**Collected data:**
+++++

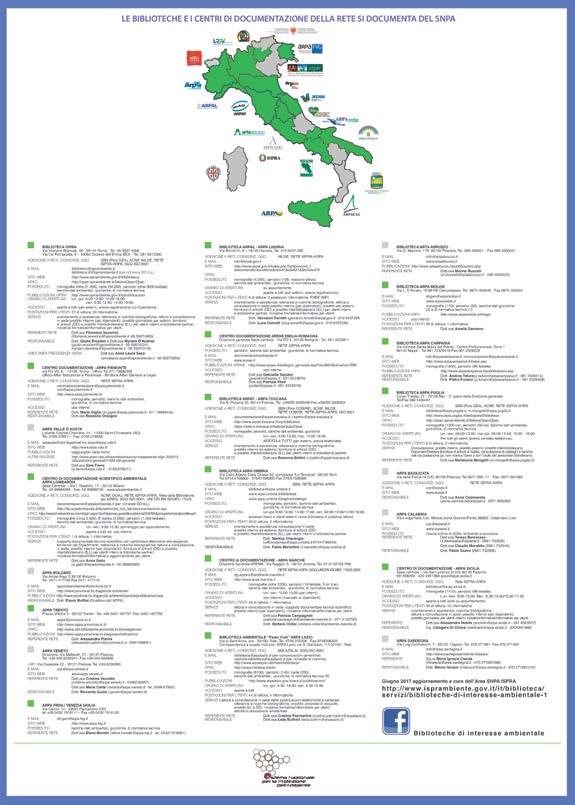 Le biblioteche e/o i centri di documentazione della Rete SI-Documenta http://www.isprambiente.gov.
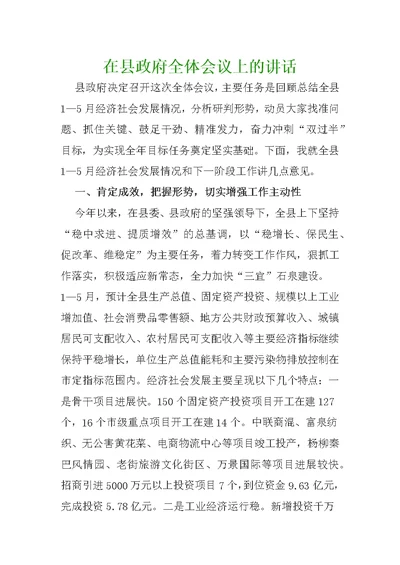 在县政府全体会议上的讲话(1)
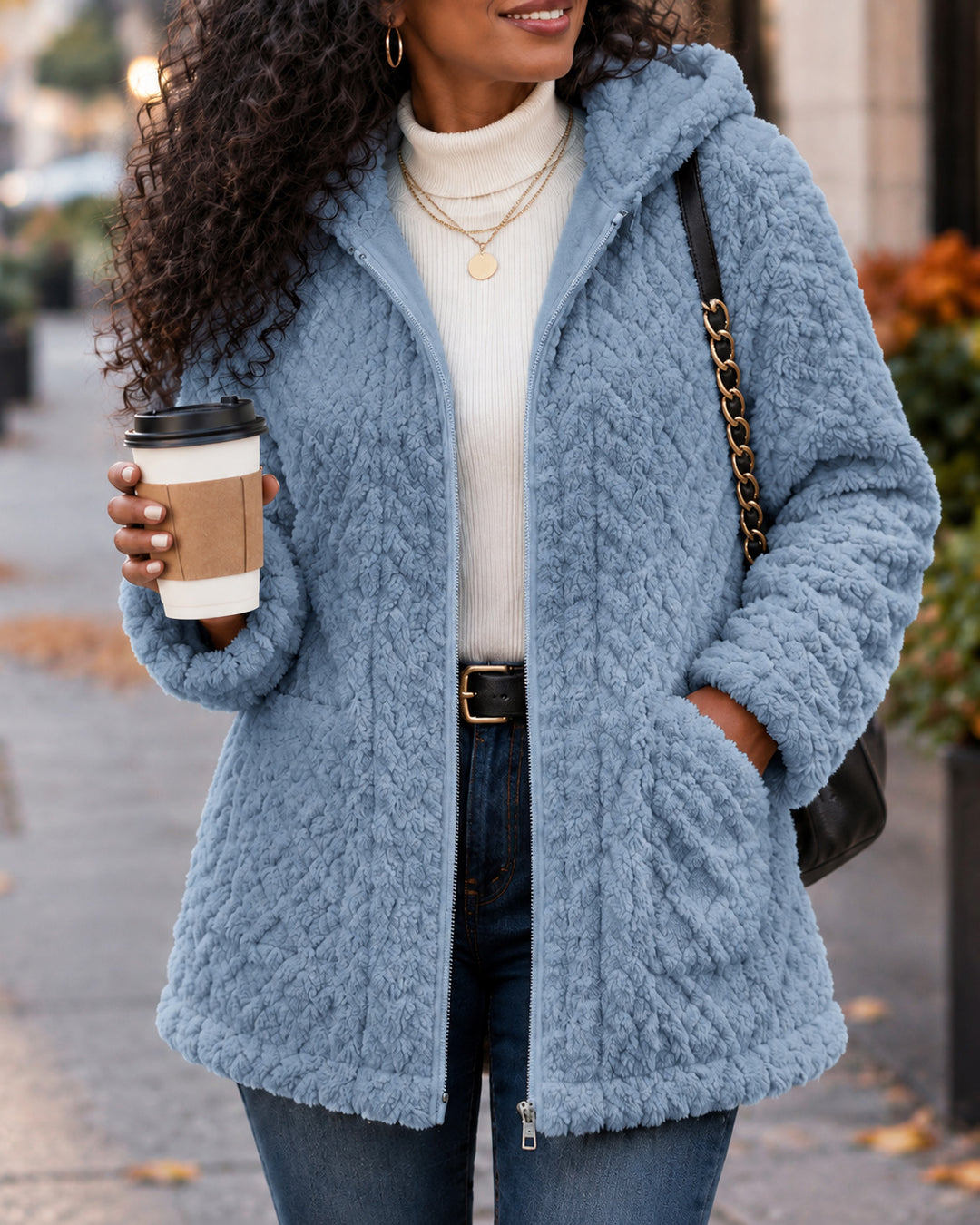 Women's Hooded Sherpa Fleece Full Zip Cable Textured Jacket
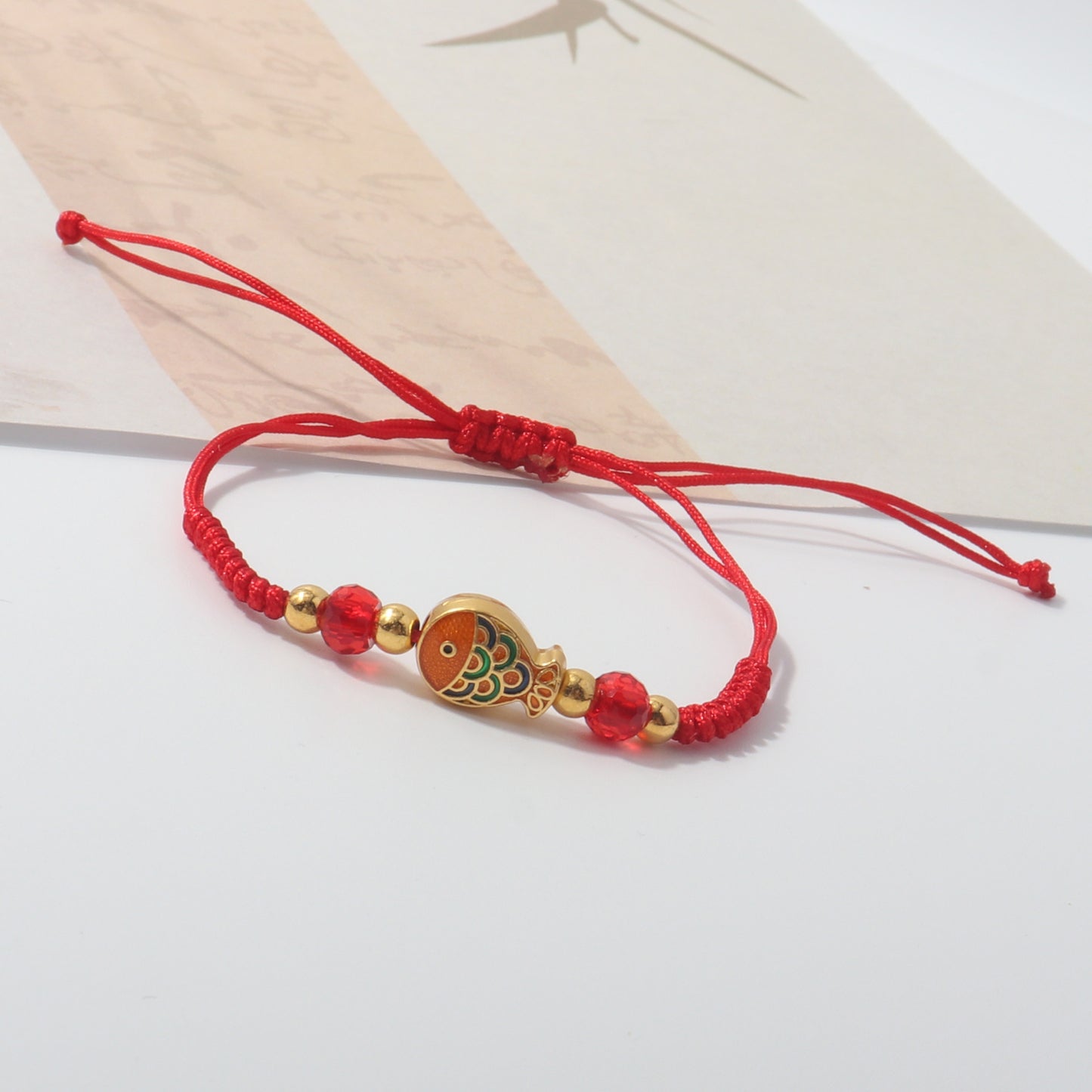 Gold Red Rope Woven Goldfish Butterfly Bracelets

+++++

**Task to carry out:**
Every line above should be printed again word for word, without its pictures.

**Task response:**
 Le biblioteche e/o i centri di documentazione della Rete SI-Documenta http://www.isprambiente.gov.
 在县政府全体会议上的讲话(1)
 Women's Hooded Sherpa Fleece Full Zip Cable Textured Jacket
 Gold Red Rope Woven Goldfish Butterfly Bracelets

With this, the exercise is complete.